YOUR GOAL — Please repeat the entries exactly as they appear and omit any images.

DATA TO PROCESS —
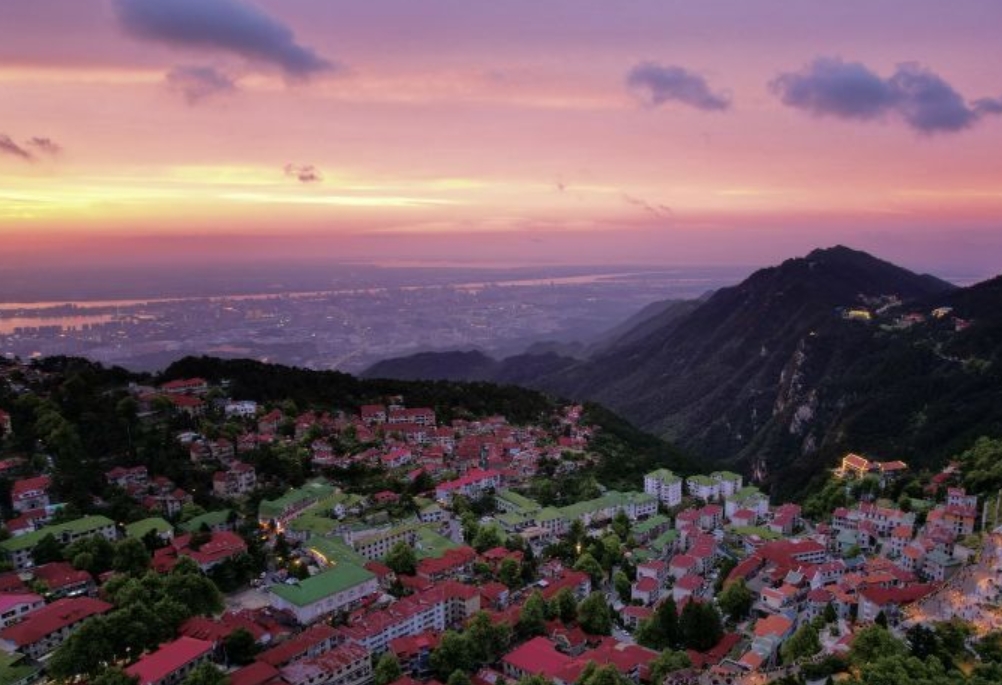 廬山牯嶺鎮(zhèn)旅游攻略，廬山牯嶺鎮(zhèn)，深度旅游攻略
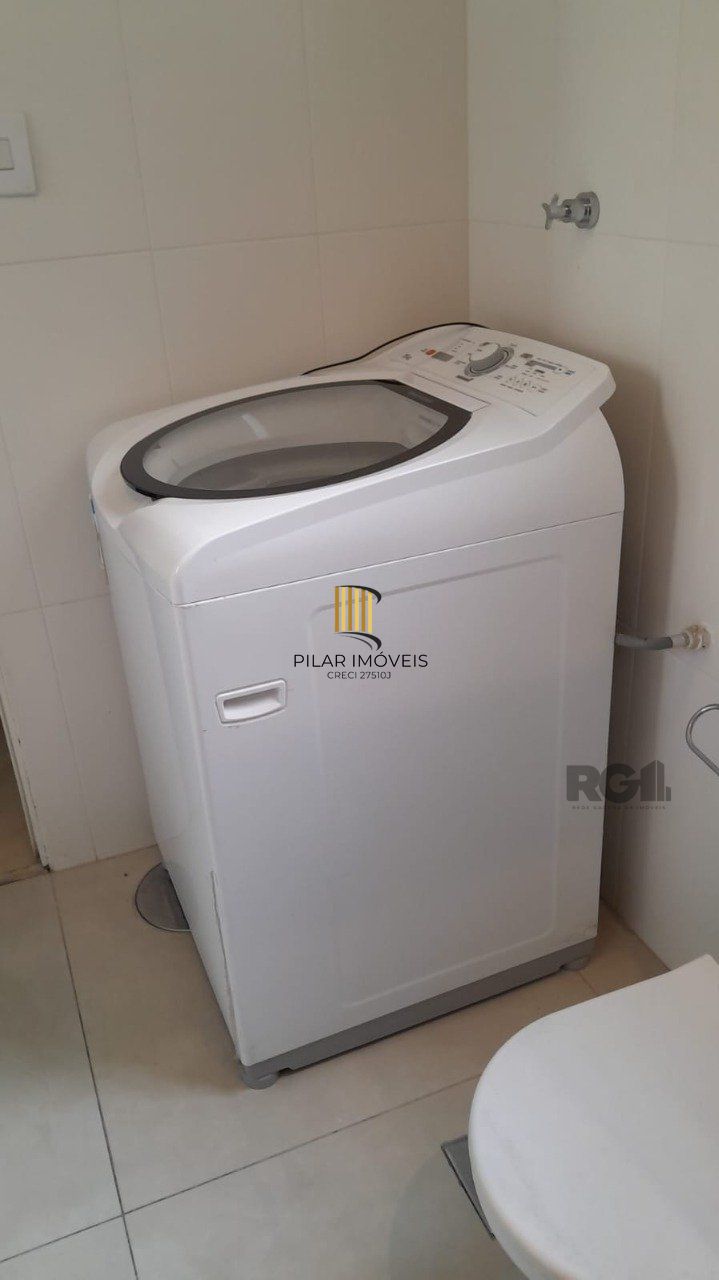 Apartamento na Luiz Manoel,2 dormitórios,desocupado,frente,bairro Santana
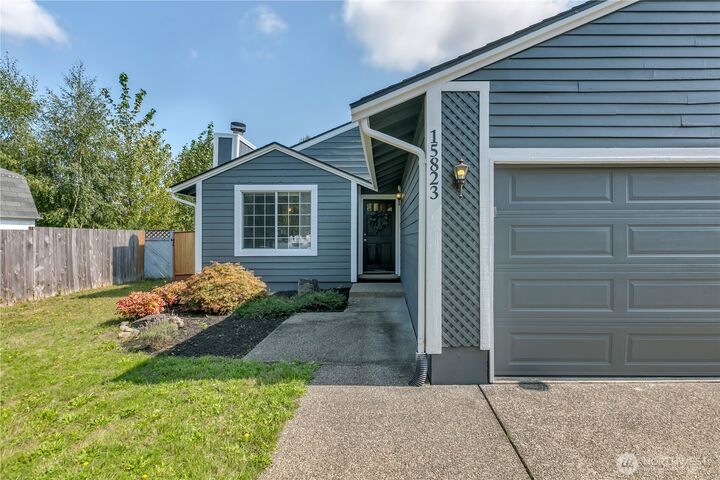 Property Photo: 15823 120th Avenue E WA 98374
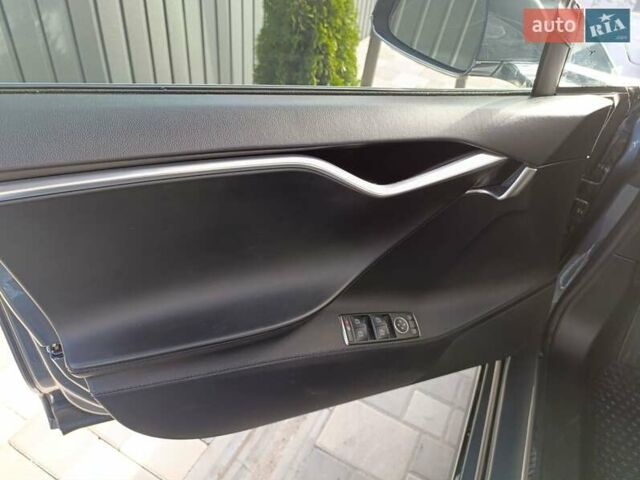 Серый Тесла Модель С, объемом двигателя 0 л и пробегом 217 тыс. км за 11900 $, фото 24 на Automoto.ua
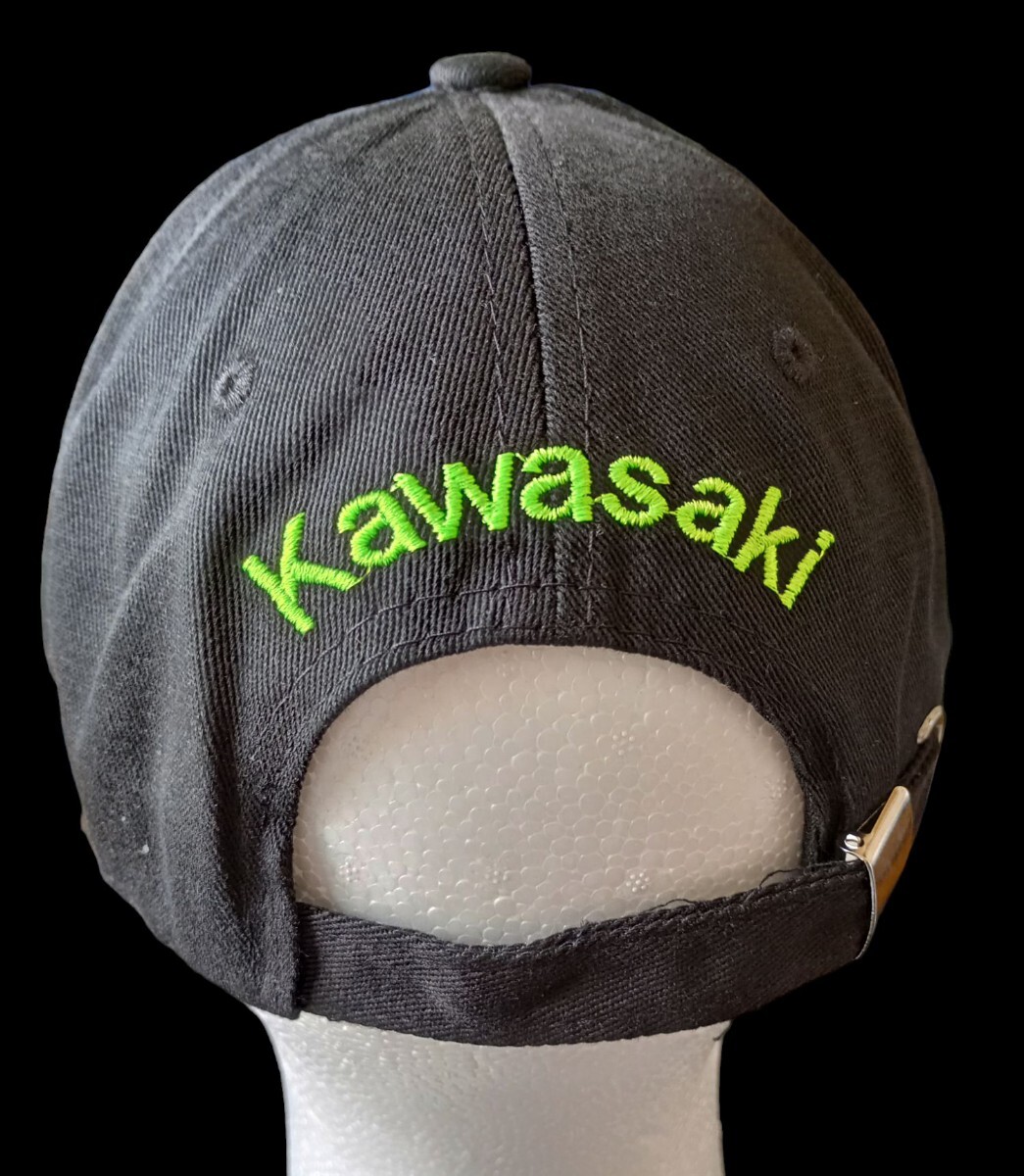 【新品】刺繍キャップ 帽子／kawasaki黒☆新品未使用☆男女兼用　格安出品　オシャレは頭から CAP 帽子 キャップ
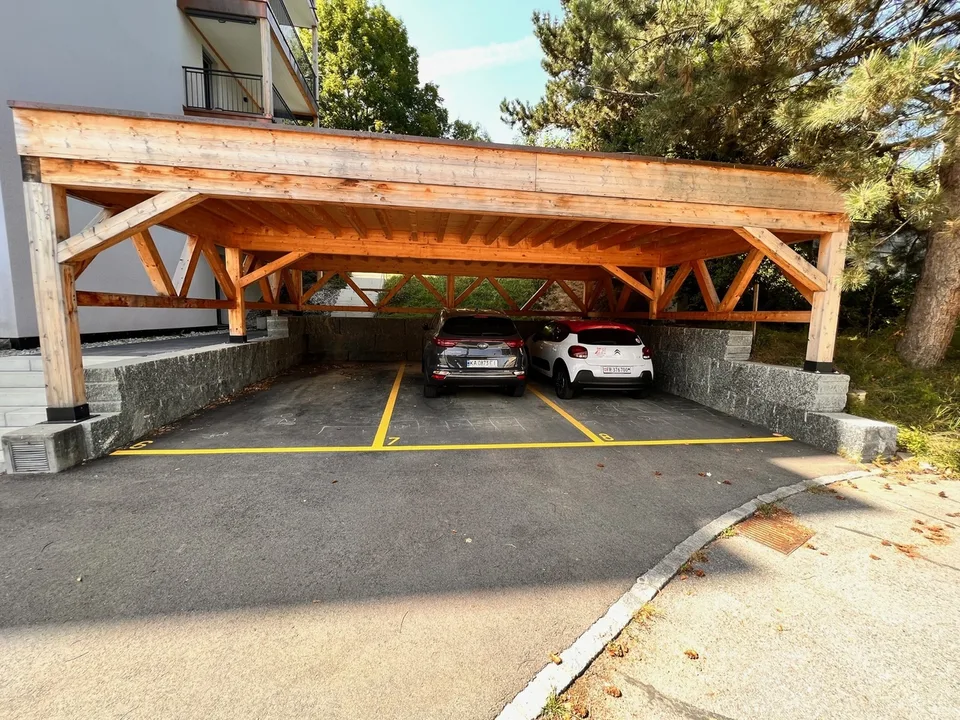 Außenparkplatz mit Überdachung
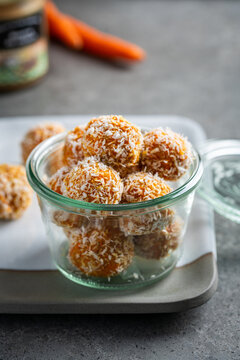 Making raw organic carrot cake balls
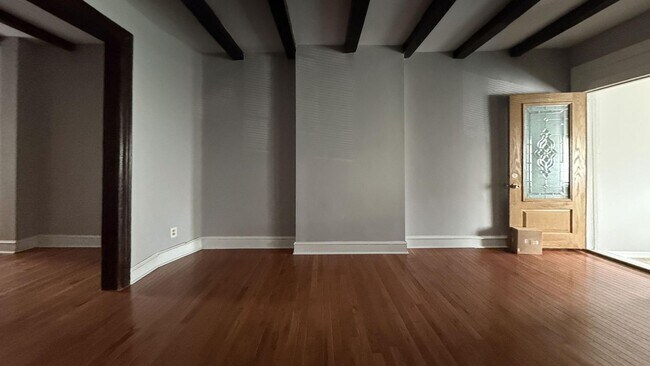 Building Photo - 4BR Home with Exposed Beams & Private Deck in Germantown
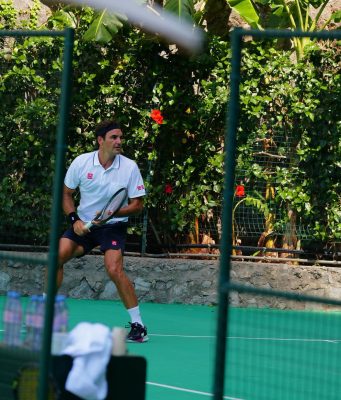 King Roger gioca tra le falesie dell’Hotel San Pietro di Positano Federer gioca in Costiera amalfitana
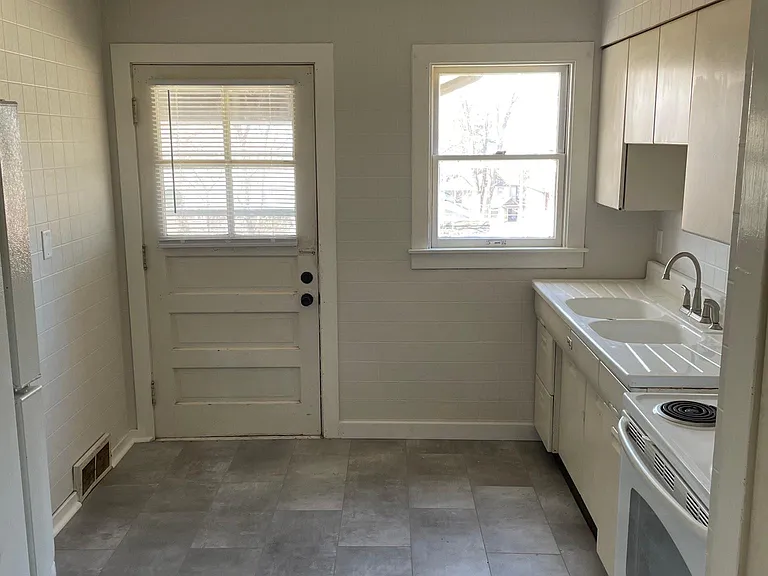 28 S 21st St #4 — Photo 4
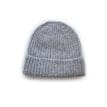 Beredd ullmössa i gråi en grå färg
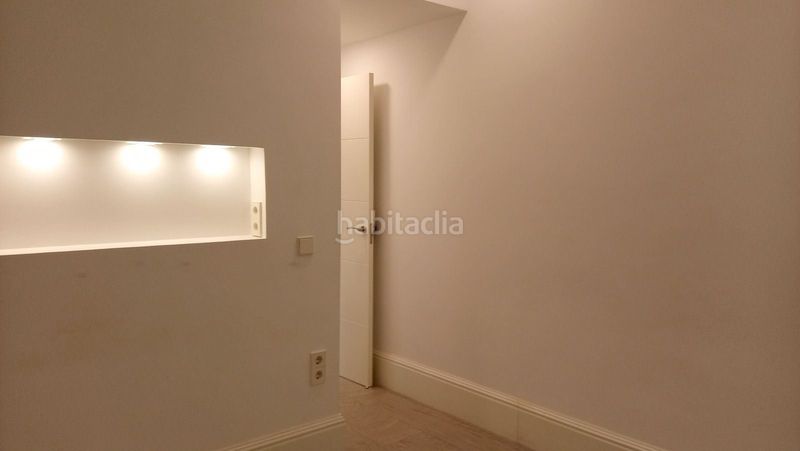 Foto a9147a22-2a65-4d15-bc3e-f553d25ab125. Pis amb calefacció a Castellana Madrid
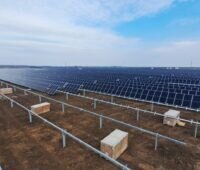 Im Bild der Photovoltaik-Solarpark in Ungarn, den Longi mit nachgeführten PV-Modulen ausgestattet hat.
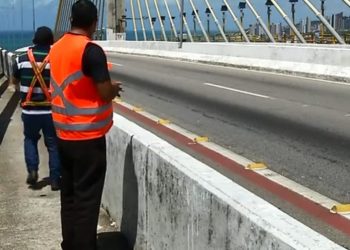 Voluntários se revezam na Ponte Newton Navarro, em Natal, para evitar suicídios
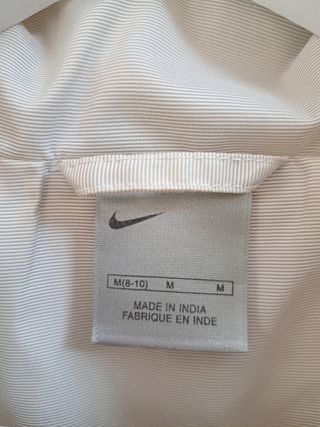 Abrigo blanco Nike
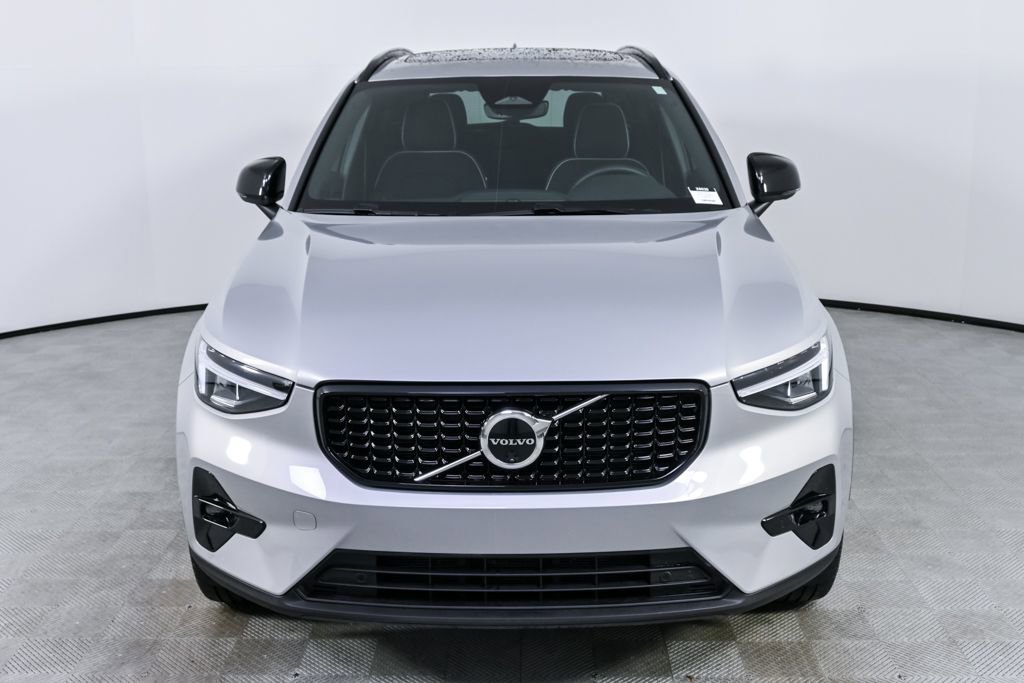 Certified 2025 Volvo XC40 B5 Plus image 36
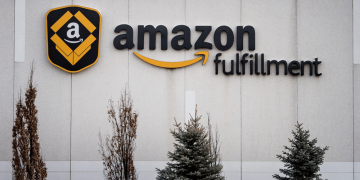 ‘Working conditions are hell’: Amazon employees not surprised its warehouses have seen hundreds of COVID cases
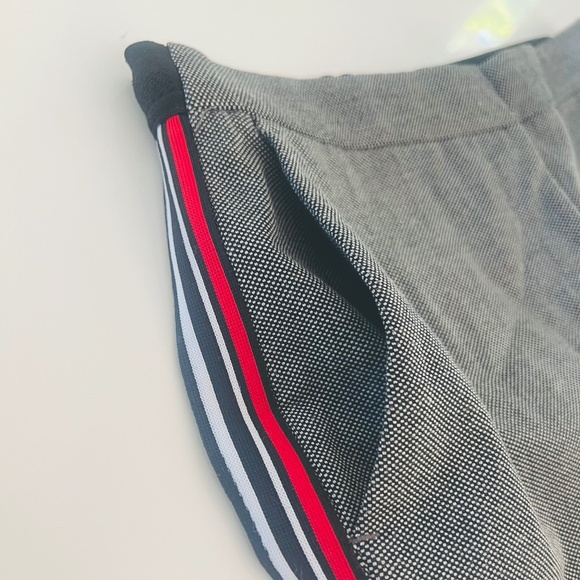 ZARA Perfect Gray Texture Red White & Black Striped Slim-Leg Pants - SO CHIC! - Picture 4 of 10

THE ANSWER —
 廬山牯嶺鎮(zhèn)旅游攻略，廬山牯嶺鎮(zhèn)，深度旅游攻略
 Apartamento na Luiz Manoel,2 dormitórios,desocupado,frente,bairro Santana
 Property Photo: 15823 120th Avenue E WA 98374
 Серый Тесла Модель С, объемом двигателя 0 л и пробегом 217 тыс. км за 11900 $, фото 24 на Automoto.ua
 【新品】刺繍キャップ 帽子／kawasaki黒☆新品未使用☆男女兼用　格安出品　オシャレは頭から CAP 帽子 キャップ
 Außenparkplatz mit Überdachung
 Making raw organic carrot cake balls
 Building Photo - 4BR Home with Exposed Beams & Private Deck in Germantown
 King Roger gioca tra le falesie dell’Hotel San Pietro di Positano Federer gioca in Costiera amalfitana
 28 S 21st St #4 — Photo 4
 Beredd ullmössa i gråi en grå färg
 Foto a9147a22-2a65-4d15-bc3e-f553d25ab125. Pis amb calefacció a Castellana Madrid
 Im Bild der Photovoltaik-Solarpark in Ungarn, den Longi mit nachgeführten PV-Modulen ausgestattet hat.
 Voluntários se revezam na Ponte Newton Navarro, em Natal, para evitar suicídios
 Abrigo blanco Nike
 Certified 2025 Volvo XC40 B5 Plus image 36
 ‘Working conditions are hell’: Amazon employees not surprised its warehouses have seen hundreds of COVID cases
 ZARA Perfect Gray Texture Red White & Black Striped Slim-Leg Pants - SO CHIC! - Picture 4 of 10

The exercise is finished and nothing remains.